No, not that bailout. I'm talking about the coordinated bailout of John McCain's floundering presidential campaign. Here's how it has works:

(1) McCain's poll numbers tank. Wednesday, the Washington Post had McCain down 9. Fox news had McCain polling under 40%. Obama up in traditionally red states like Colorado, Virginia, and North Carolina.

(2) The economy, quite understandably, dominates the news and the election. Polls all show that the electorate strongly prefers Obama on the economy. McCain has been utterly incapable of gaining any kind of traction on the issue or of offering a coherent message ("The fundamentals of the economy are strong;" "Fire the SEC Chairman! What, you mean the president doesn't have that authority? Well, I'd make him resign then;" "We're facing a historic crisis!" Seriously, the dude's been all over the place.)
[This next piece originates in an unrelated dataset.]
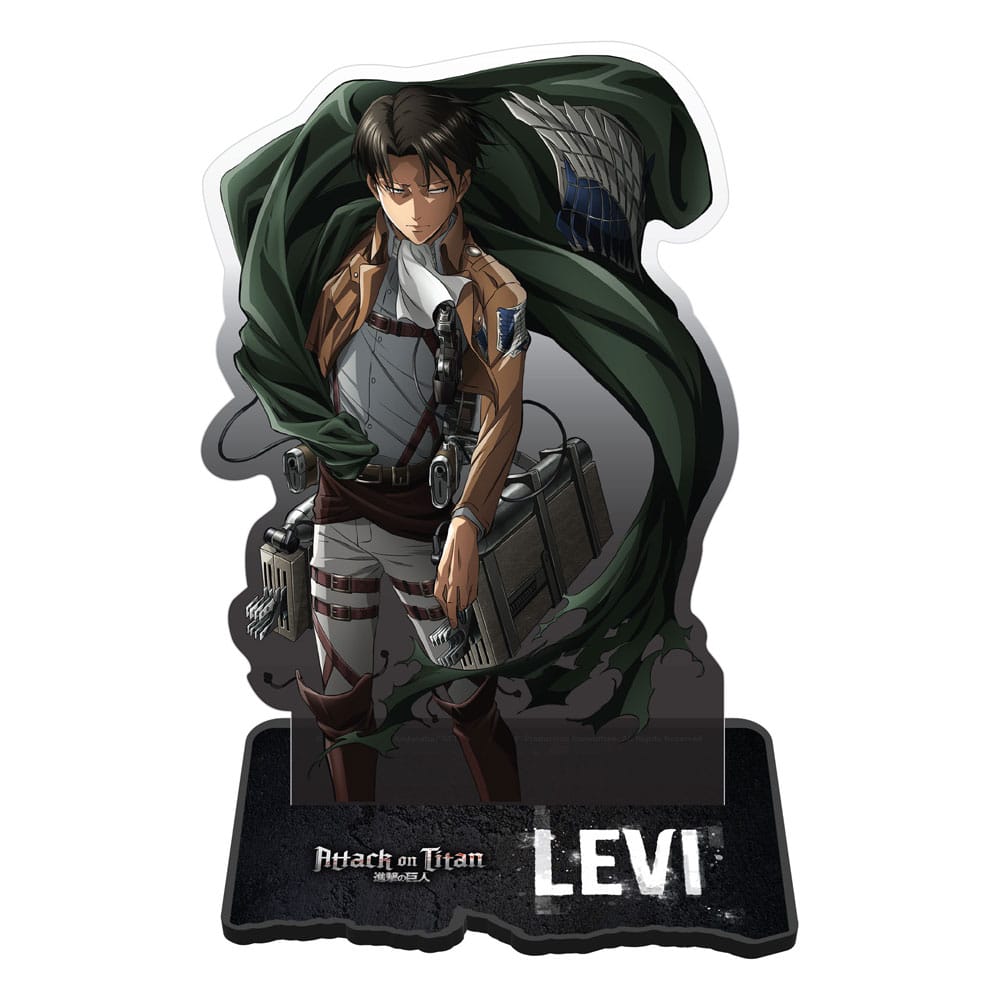 Attack on Titan Acryl Figure Levi Battle-Ready 18 cm          6430063313122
(3) Congress appears on its way to crafting a bipartisan financial bailout plan.

(4) McCain, unable to gain any traction, and floudering in the polls (largely because people prefer Obama on the economy), has to find a way to make himself appear stronger on the economy.

(5) McCain suspends his campaign and pledges to devote all his energy to getting bailout plan in place.
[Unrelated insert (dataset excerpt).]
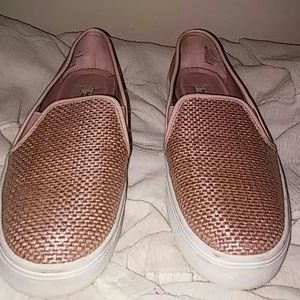 SIMPLY VERA VERA WANG woven pink flats sz 10M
(6) But, Congress is doing that already without him and announces a negotiated plan on Thursday, before McCain ever gets to D.C. Again, he's on the outside looking in.

(7) McCain contacts conservative house members who then announce that a plan is, in fact, not near. McCain stays silent. Mind you, the conservative wing had been silent on the issue and the negotiations prior to yesterday.

(8) McCain says nothing at the White House meeting while conservative house leaders scuttle the negotiated plan. Everything is back in turmoil and uncertainty.

That's where things stand now. Here's the end game:

(9) Congress furiously negotiates with the conservative wing today and some minor changes are made to the framework that was already in place. The conservatives concede and the plan is approved. Conservatives and McCain then scream to the rafters that McCain saved the day and brokered the new bailout plan. There would have been no plan without him! McCain is your economic savior! This has the added bonus of McCain being able to argue that he stood up to Bush. McCain then triumphantly shows up at the debate in Mississippi and claims full credit.

Viola! The conservatives orchestrate a massive bailout of McCain's campaign.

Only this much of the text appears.